**AIM OF THE TASK:** Only the lines from the one containing "Elementary - A" to the end of the material are to be copied, exactly and in full; images stay out.

**DATASET EXTRACT:**

***

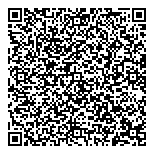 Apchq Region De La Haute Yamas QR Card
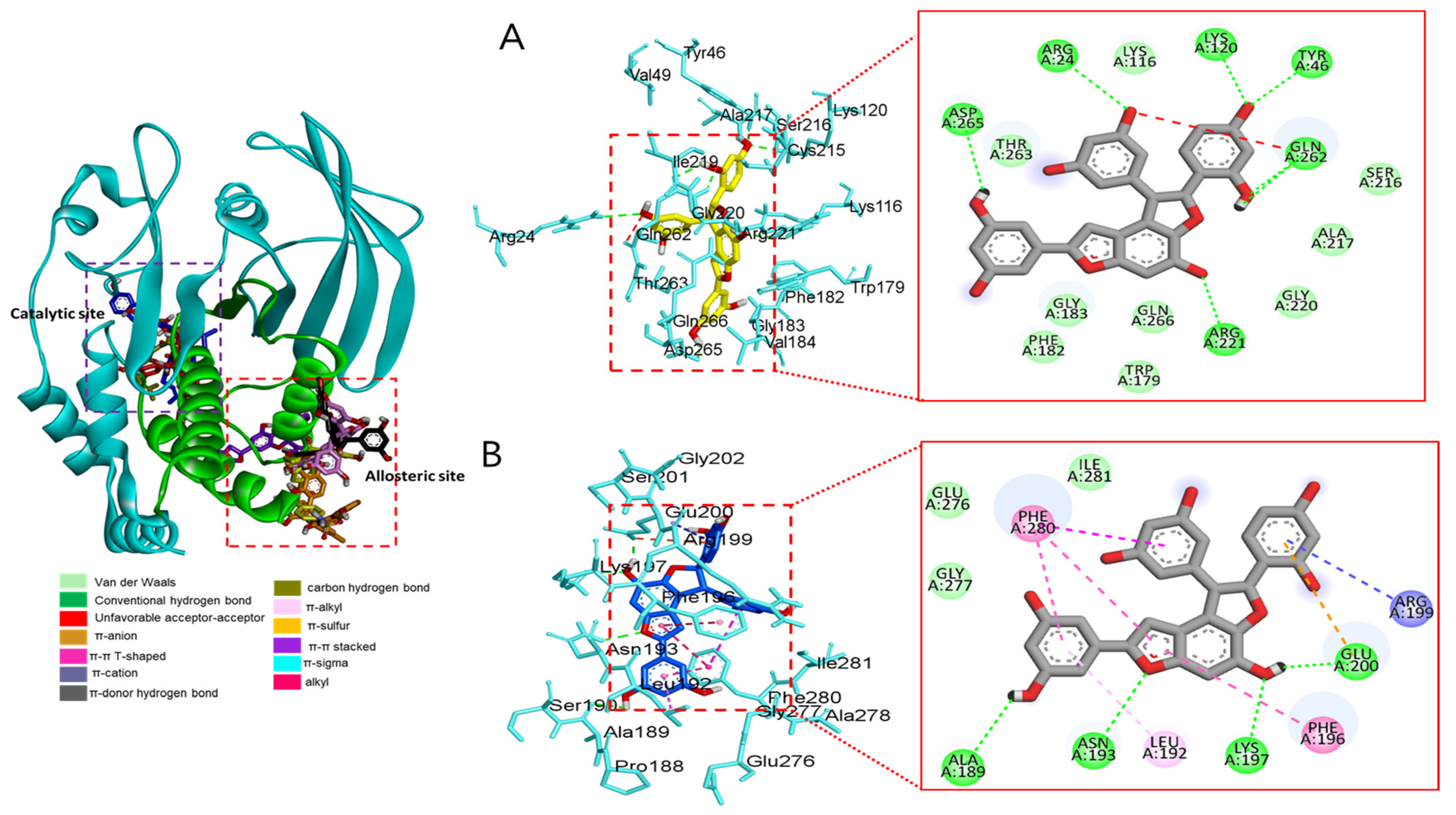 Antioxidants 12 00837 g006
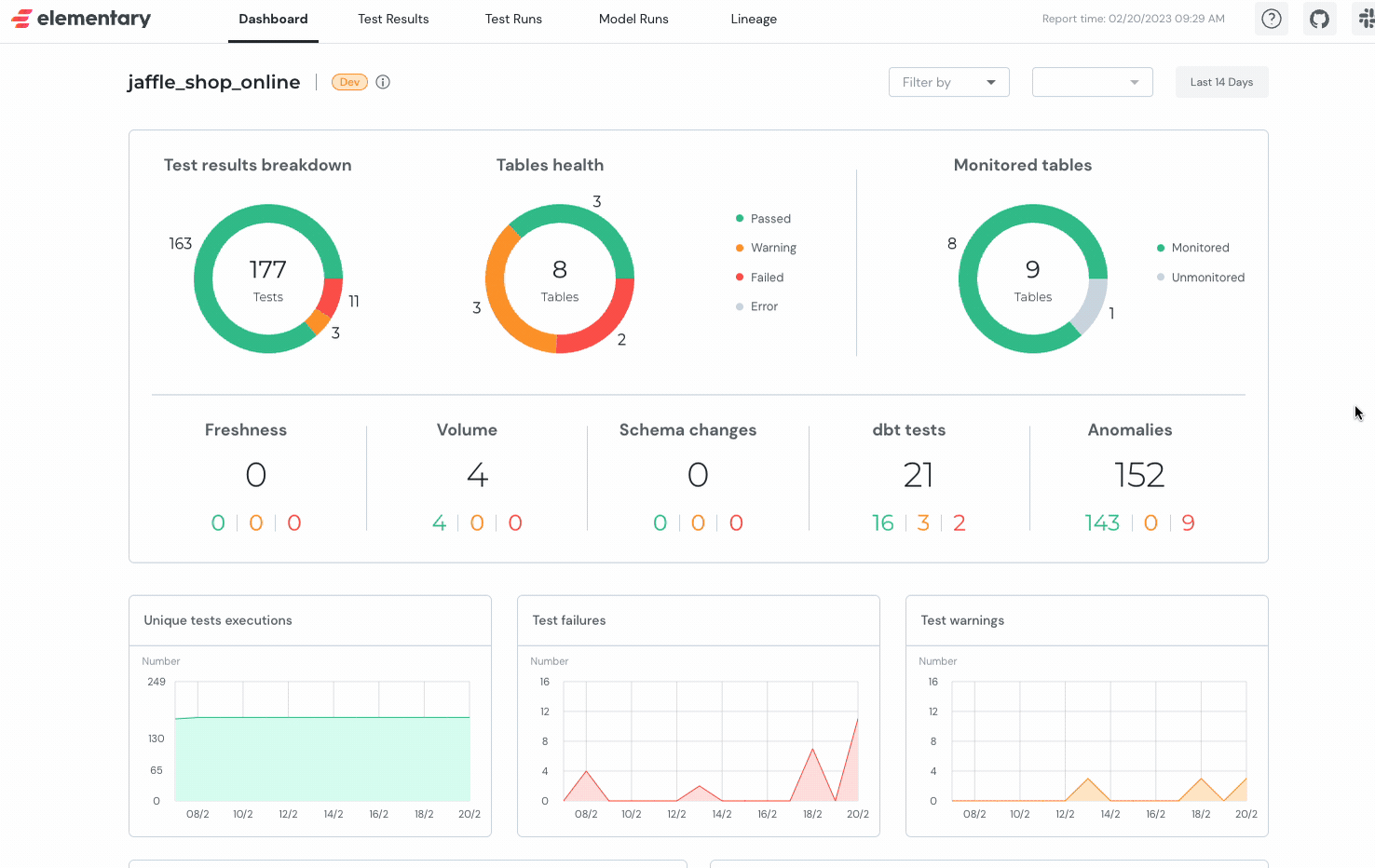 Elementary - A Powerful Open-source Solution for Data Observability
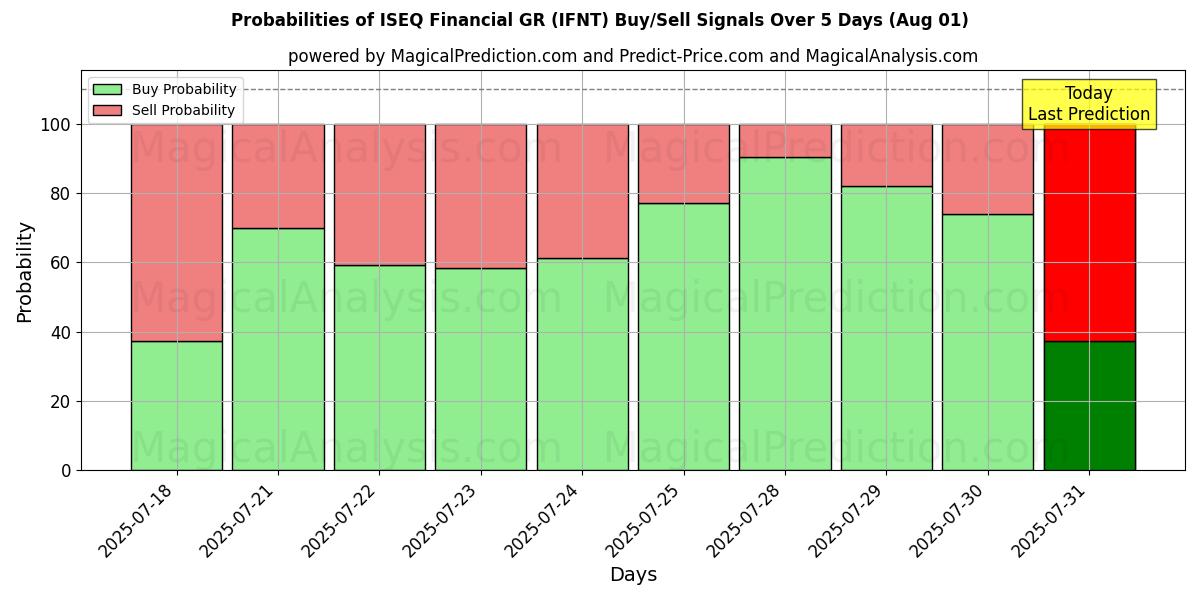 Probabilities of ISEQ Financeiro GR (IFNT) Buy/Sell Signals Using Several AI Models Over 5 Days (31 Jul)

***

**ANSWER FOR THE TASK:**
 Elementary - A Powerful Open-source Solution for Data Observability
 Probabilities of ISEQ Financeiro GR (IFNT) Buy/Sell Signals Using Several AI Models Over 5 Days (31 Jul)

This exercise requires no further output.